8/10American tabloïd

/ Critique - écrit par Val Lazare, le 16/05/2003
Notre verdict : 8/10 - L'Histoire n'est pas un long fleuve tranquille (Fiche technique)

Tags : ellroy american tabloid james kennedy auteur mafia

Consacré meilleur livre de l'année 1995 par Time Magazine, aboutissement de quatre années de labeur pour son auteur, James Ellroy, American Tabloïd a tout pour convaincre le dévoreur de polars accompli. Quand on sait qu'American Tabloïd nous vomit l'envers du décor américain, un cliché des sphères du pouvoir américain du 22 Novembre 58 au 22 Novembre 63, 5 ans de marche forcée vers le pire pour une poignée d'hommes d'action, avec à l'arrivée l'assassinat de John Kennedy à Dallas, l'envie se fait pressante de mettre la main sur ce bouquin.

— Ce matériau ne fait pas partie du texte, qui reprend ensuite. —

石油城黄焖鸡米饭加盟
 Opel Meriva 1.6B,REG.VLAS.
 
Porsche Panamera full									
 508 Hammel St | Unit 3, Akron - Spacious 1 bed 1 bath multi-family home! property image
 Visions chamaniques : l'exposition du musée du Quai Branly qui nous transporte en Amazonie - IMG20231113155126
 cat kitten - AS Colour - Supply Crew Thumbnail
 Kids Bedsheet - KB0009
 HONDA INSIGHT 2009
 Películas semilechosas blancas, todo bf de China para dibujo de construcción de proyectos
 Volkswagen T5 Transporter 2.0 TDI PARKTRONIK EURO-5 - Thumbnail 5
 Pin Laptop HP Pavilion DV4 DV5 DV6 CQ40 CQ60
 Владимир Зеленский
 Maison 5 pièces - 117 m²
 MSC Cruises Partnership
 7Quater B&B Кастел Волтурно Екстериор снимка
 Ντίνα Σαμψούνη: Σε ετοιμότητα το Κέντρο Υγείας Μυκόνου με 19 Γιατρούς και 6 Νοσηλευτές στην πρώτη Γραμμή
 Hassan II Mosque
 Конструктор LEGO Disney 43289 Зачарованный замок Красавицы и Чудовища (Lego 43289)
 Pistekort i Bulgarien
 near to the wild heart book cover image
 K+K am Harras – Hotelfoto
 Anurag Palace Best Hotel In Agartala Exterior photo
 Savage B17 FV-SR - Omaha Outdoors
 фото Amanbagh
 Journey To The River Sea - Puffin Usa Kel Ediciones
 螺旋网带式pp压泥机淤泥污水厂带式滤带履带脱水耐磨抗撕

Si James Ellroy s'était auparavant cantonné au strict roman policier, l'auteur de la Trilogie de Los Angeles (et non du Quatuor comme on l'entend souvent) s'essaie avec American Tabloïd au roman historique. Noyée sous la romance, l'Histoire se montre sans concession avec ceux qui l'ont fabriquée. Ellroy prend un malin plaisir à ne pas démêler fictif et réel pour nous donner sa version des faits. Et sous la patte d'Ellroy, autant dire que les mythes viennent se briser au drame.

Trois héros, Pete Bondurant, Kemper Boyd, Ward Littell : respectivement homme de main ultra violent de Howard Hughes, le célèbre magnat de l'aéronautique ; âme damnée d'un Hoover grand patron du FBI, infiltrée au Comité McClellan de JFK dans l'intention de faire échouer les ambitions électorales du clan Kennedy ; agent fédéral pourchassant le communiste et rêvant de poser ses crocs sur une chair plus noble... la mafia.

Les acteurs sont là. L'écheveau se tisse alors, lentement mais sûrement : Castro prend le pouvoir à Cuba, coupant la mafia de cascades de cash en nationalisant les casinos détenus par la Cosa Nostra. Déjà sur les dents, les parrains du crime voient rouges quand le Comité McClellan de Jack et Bobby Kennedy, est créé dans l'idée de mettre à jour les malversations de la Caisse de retraite du puissant syndicat des camionneurs, autre pain béni pour nos amis mafieux.
Hoover, patron du FBI et complètement fumé du bulbe, voit d'un mauvais oeil l'ambition des Kennedy (mettre à mal l'Empire du crime) qui dissimule à peine le dessein du patriarche, Joe Kennedy : installer son satyre de fils à la Maison Blanche.
La CIA quant à elle aimerait bien faire la peau à Castro. Pourquoi ? Et bien, parce que Castro est un Rouge, enfin peut-être, et puis de nombreux amis de la CIA (des types ayant leurs habitudes du côté de Chicago, Hoover) ont tout intérêt à voir Castro partir. Donc, c'est dit, Castro sera bouté de La Havane. Une invasion en règle s'impose... attention la Baie des Cochons n'est pas loin.

Et voilà que nos trois héros sont plongés dans cet imbroglio : manipulations, contre-manipulations, assassinats, course électorale, calculs politiques, trafics de drogue etc etc... Au final, le mythe d'un JFK beau, jeune, juste est soigneusement brisé. Comme sont brisés la plupart des personnages réels et fictifs de ce roman. Peu importe, la plupart était des crapules.

Encore une fois, Ellroy dévoile tout son talent d'écrivain, maîtrisant ambiance, scénario et mise en action. Néanmoins, je placerais American Tabloïd un poil derrière la trilogie de Los Angeles, les contraintes historiques privant les héros d'un brin de charisme, et les intrigues historiques étant moins captivantes qu'une bonne enquête policière comme Ellroy sait en concocter.
Le féru d'histoire y trouvera cependant son compte et bien plus.